According to the survey, 12% of local officials began working in their roles after the 2020 election and 11% said they were very or somewhat likely to quit before next year’s election. A small number fell into both categories: new employees who suggested they will leave.
Such turnover — about 1 in 5 of all election workers — is significant, the Brennan Center said, and equivalent to one to two election officials’ leaving office every day since the 2020 election.
Harassment and threats may be driving some of the departures.
Thirty percent of respondents said they’d been personally harassed, abused or threatened, while 22% said they personally knew of election officials who had left their jobs “at least in part because of fear for their safety, increased threats, or intimidation.” (Just 4% of respondents said they knew “many” election officials who were quitting for that reason; the rest said they knew “one or two.”)
A whopping 73% of respondents said they felt threats against election workers had increased in recent years.
NBC News has reported on the threats and harassment election workers faced in the wake of the 2020 election and continue to receive.

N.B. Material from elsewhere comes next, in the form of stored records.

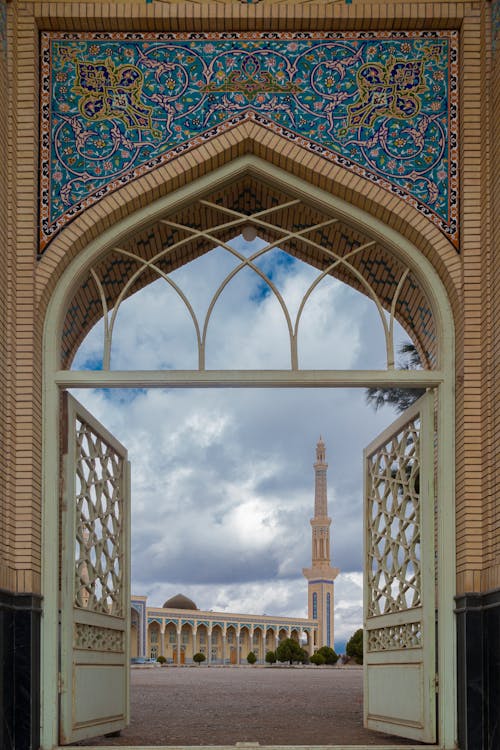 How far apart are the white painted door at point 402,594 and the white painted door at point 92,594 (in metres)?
1.87

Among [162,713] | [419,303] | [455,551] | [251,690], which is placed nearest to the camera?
[455,551]

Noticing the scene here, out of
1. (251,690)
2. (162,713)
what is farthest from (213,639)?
(162,713)

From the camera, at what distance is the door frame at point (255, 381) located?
7000 millimetres

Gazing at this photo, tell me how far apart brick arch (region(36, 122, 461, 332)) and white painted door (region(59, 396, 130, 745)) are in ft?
3.51

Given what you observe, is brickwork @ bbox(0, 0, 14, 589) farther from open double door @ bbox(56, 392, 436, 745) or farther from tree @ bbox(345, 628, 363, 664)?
tree @ bbox(345, 628, 363, 664)

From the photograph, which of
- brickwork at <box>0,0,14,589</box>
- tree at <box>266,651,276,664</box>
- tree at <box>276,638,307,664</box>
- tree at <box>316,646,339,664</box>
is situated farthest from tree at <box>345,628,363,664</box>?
brickwork at <box>0,0,14,589</box>

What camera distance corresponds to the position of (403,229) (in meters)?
7.47

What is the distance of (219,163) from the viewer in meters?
7.61

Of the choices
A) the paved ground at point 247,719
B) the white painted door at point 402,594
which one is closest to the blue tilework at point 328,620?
the paved ground at point 247,719

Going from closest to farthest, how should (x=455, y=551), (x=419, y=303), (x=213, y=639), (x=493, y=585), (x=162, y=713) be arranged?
(x=493, y=585), (x=455, y=551), (x=419, y=303), (x=162, y=713), (x=213, y=639)

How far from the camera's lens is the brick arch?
7.36m

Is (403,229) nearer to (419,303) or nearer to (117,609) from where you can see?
(419,303)

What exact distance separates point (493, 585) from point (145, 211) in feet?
11.0

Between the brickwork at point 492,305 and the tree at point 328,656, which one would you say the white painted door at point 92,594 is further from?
the tree at point 328,656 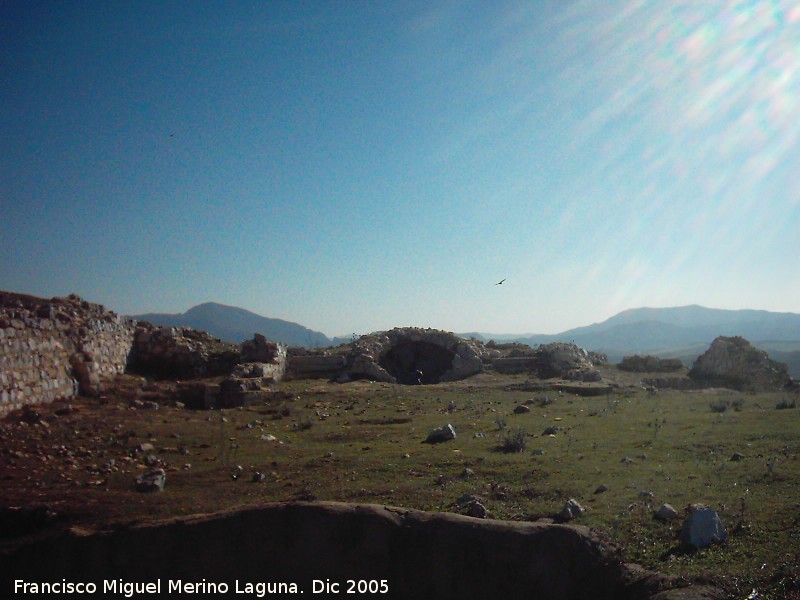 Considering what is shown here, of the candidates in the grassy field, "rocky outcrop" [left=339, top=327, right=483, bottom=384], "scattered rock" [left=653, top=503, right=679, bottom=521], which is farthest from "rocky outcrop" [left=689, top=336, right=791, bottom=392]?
"scattered rock" [left=653, top=503, right=679, bottom=521]

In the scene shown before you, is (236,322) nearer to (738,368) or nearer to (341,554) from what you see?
(738,368)

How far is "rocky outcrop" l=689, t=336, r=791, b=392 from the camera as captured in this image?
25.0 meters

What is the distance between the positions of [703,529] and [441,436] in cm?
668

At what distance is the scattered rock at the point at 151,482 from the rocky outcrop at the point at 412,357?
55.5 feet

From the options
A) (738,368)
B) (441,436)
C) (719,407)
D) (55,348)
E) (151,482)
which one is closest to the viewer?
(151,482)

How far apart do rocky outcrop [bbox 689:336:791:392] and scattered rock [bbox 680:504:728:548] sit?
68.3 ft

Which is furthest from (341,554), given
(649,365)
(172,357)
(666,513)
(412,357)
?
(649,365)

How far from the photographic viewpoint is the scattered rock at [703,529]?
21.1 ft

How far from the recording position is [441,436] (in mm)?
12680

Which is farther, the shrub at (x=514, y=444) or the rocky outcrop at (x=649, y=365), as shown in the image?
the rocky outcrop at (x=649, y=365)

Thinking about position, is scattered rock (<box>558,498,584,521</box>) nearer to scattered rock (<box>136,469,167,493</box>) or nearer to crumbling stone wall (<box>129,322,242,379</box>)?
scattered rock (<box>136,469,167,493</box>)

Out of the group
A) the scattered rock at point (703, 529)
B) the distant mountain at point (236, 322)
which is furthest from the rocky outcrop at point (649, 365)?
the distant mountain at point (236, 322)

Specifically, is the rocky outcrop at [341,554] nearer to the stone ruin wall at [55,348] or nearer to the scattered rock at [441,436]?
the scattered rock at [441,436]

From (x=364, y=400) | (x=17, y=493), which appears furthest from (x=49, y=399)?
(x=364, y=400) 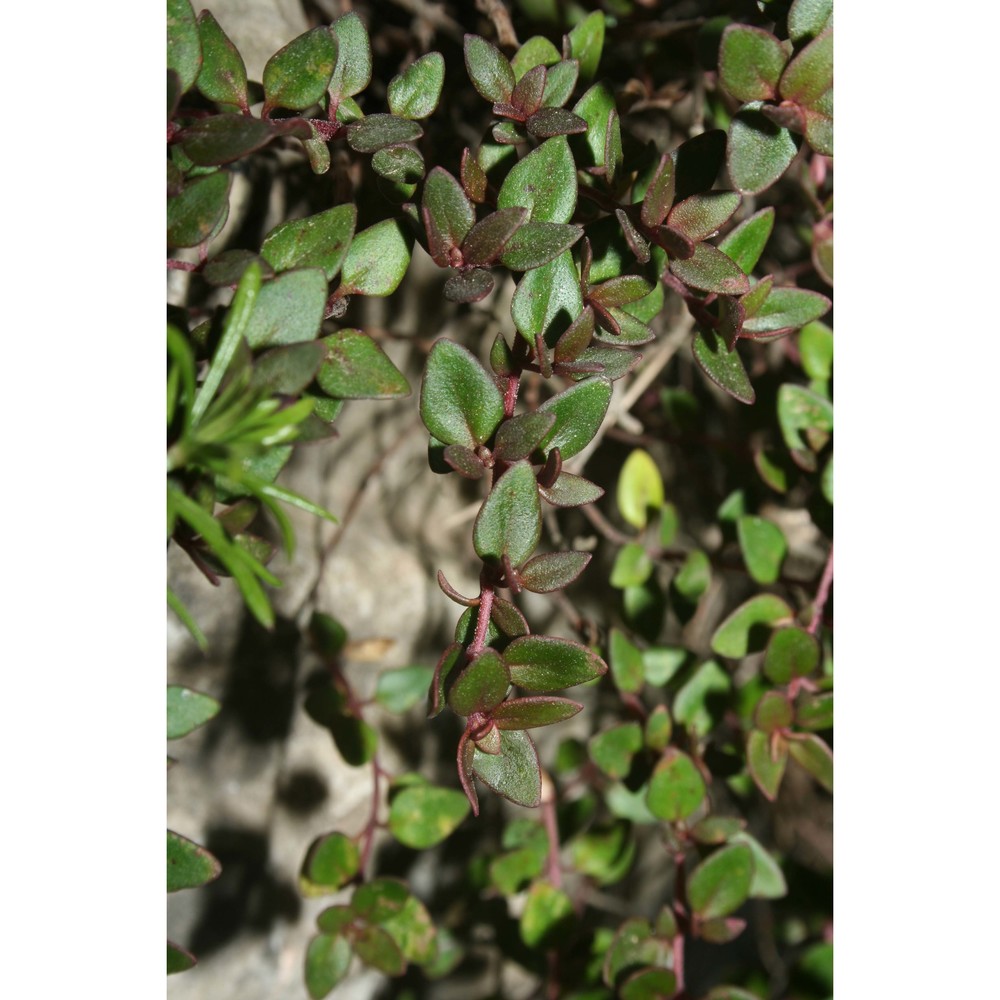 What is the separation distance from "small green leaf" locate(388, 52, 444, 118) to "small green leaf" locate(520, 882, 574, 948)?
2.15 ft

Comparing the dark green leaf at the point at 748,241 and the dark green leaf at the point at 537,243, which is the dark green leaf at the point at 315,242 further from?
the dark green leaf at the point at 748,241

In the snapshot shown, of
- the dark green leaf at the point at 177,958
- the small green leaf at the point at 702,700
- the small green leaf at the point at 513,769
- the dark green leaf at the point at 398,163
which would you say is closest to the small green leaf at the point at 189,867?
the dark green leaf at the point at 177,958

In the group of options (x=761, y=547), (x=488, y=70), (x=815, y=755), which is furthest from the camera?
(x=761, y=547)

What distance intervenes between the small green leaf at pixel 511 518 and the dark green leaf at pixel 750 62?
0.25 m

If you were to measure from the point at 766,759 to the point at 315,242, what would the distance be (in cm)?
51

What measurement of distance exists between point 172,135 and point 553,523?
513mm

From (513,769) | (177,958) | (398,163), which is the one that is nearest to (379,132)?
(398,163)

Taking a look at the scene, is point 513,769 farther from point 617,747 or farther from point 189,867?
point 617,747

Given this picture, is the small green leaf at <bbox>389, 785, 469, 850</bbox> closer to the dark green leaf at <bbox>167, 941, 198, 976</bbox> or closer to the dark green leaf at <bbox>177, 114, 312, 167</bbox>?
the dark green leaf at <bbox>167, 941, 198, 976</bbox>

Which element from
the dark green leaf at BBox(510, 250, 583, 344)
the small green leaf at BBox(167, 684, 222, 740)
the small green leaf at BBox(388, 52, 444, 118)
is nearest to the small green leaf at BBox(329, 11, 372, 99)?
the small green leaf at BBox(388, 52, 444, 118)

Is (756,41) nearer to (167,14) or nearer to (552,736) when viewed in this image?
(167,14)

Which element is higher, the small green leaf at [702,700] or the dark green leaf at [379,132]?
the dark green leaf at [379,132]

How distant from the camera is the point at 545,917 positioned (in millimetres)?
854

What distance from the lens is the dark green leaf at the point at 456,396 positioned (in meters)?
0.50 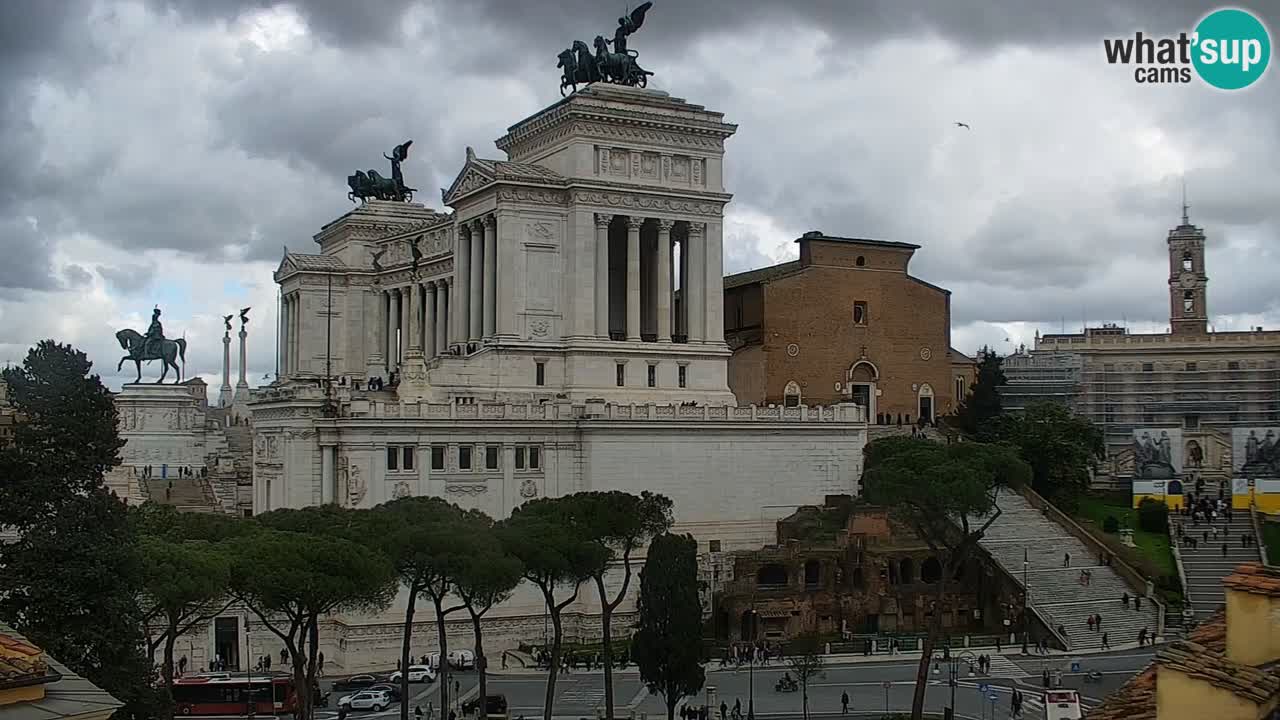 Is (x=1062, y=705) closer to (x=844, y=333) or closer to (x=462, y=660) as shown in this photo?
(x=462, y=660)

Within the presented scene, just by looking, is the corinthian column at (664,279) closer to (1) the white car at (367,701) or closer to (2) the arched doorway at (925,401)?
(2) the arched doorway at (925,401)

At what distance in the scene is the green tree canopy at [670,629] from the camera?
47344 mm

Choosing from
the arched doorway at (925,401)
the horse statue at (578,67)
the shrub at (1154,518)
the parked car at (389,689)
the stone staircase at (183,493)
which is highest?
the horse statue at (578,67)

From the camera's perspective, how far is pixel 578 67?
255ft

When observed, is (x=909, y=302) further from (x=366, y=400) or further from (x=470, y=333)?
(x=366, y=400)

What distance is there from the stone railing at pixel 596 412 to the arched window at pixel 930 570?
925 cm

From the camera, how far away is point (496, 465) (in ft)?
217

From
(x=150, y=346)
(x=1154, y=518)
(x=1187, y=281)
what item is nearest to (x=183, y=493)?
(x=150, y=346)

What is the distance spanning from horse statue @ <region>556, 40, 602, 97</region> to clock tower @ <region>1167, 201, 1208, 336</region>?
72338mm

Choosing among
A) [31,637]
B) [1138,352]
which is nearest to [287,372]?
[1138,352]

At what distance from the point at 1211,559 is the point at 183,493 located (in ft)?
196

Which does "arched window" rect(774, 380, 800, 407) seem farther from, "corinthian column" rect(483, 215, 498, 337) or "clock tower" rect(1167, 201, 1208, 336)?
"clock tower" rect(1167, 201, 1208, 336)

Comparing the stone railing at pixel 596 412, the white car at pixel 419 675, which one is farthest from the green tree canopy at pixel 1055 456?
the white car at pixel 419 675

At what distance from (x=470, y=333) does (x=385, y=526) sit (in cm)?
2999
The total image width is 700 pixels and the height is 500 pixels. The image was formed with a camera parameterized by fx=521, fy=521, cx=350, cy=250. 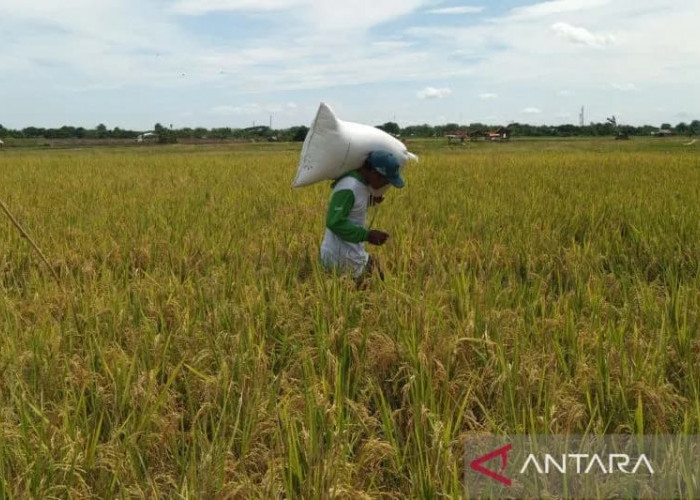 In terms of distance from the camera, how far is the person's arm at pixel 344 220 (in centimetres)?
290

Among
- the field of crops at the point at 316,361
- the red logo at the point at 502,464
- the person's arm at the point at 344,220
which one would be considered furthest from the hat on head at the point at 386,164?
the red logo at the point at 502,464

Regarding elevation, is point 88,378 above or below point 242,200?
below

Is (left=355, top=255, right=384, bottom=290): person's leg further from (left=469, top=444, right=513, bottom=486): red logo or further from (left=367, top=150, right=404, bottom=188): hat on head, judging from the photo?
(left=469, top=444, right=513, bottom=486): red logo

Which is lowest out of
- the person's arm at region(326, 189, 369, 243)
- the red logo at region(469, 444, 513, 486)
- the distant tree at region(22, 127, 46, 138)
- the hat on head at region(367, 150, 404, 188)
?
the red logo at region(469, 444, 513, 486)

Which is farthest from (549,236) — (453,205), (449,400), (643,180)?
(643,180)

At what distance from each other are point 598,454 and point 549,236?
8.90ft

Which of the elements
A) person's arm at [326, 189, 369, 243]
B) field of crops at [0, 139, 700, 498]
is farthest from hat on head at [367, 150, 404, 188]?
field of crops at [0, 139, 700, 498]

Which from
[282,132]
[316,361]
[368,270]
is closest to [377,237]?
[368,270]

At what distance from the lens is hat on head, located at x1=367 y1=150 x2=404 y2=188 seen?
2.87 meters

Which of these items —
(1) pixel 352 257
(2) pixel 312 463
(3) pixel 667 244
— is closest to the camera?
(2) pixel 312 463

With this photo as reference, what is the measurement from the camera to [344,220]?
2938mm

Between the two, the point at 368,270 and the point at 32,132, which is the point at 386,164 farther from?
the point at 32,132

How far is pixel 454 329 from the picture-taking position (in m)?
2.20

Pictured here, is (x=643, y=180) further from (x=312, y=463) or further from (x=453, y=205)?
(x=312, y=463) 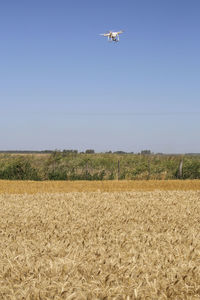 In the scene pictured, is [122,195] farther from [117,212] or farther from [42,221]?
[42,221]

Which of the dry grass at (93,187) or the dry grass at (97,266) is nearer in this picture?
the dry grass at (97,266)

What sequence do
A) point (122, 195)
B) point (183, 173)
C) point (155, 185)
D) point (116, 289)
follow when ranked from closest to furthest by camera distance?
point (116, 289) → point (122, 195) → point (155, 185) → point (183, 173)

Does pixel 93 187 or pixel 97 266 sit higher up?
pixel 97 266

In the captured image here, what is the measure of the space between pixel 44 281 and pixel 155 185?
23.0 meters

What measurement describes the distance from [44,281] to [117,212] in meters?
7.67

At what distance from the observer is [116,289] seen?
3.73 meters

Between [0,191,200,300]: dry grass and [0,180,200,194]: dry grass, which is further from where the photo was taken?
[0,180,200,194]: dry grass

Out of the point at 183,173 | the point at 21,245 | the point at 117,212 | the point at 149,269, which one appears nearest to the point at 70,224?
the point at 117,212

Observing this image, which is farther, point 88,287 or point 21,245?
point 21,245

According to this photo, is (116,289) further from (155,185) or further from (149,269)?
(155,185)

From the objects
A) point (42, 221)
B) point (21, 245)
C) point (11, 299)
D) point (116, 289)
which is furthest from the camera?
point (42, 221)

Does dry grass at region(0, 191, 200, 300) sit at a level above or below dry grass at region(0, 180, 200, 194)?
above

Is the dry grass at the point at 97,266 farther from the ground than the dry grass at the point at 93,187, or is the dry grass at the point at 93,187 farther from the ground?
the dry grass at the point at 97,266

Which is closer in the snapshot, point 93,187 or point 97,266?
point 97,266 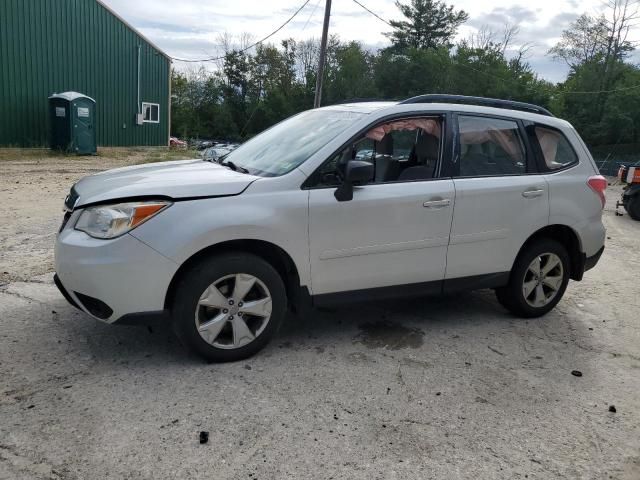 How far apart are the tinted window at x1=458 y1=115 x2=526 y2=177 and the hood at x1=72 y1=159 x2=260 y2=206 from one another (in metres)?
1.75

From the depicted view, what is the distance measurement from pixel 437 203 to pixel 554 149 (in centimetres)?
145

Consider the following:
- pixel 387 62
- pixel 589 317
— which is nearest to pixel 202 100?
pixel 387 62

Baseless voter fraud claims drove four people in Buckingham County, Virginia, to quit their jobs this year, and experts warned that losing expertise and election workers may hurt the management of future elections.
Benenson Strategy Group conducted the online survey from March 2 to April 3, interviewing 852 from a list of more than 10,000 local election officials provided by the Brennan Center. The margin of error for the dataset was reported as plus or minus 3.22 percentage points.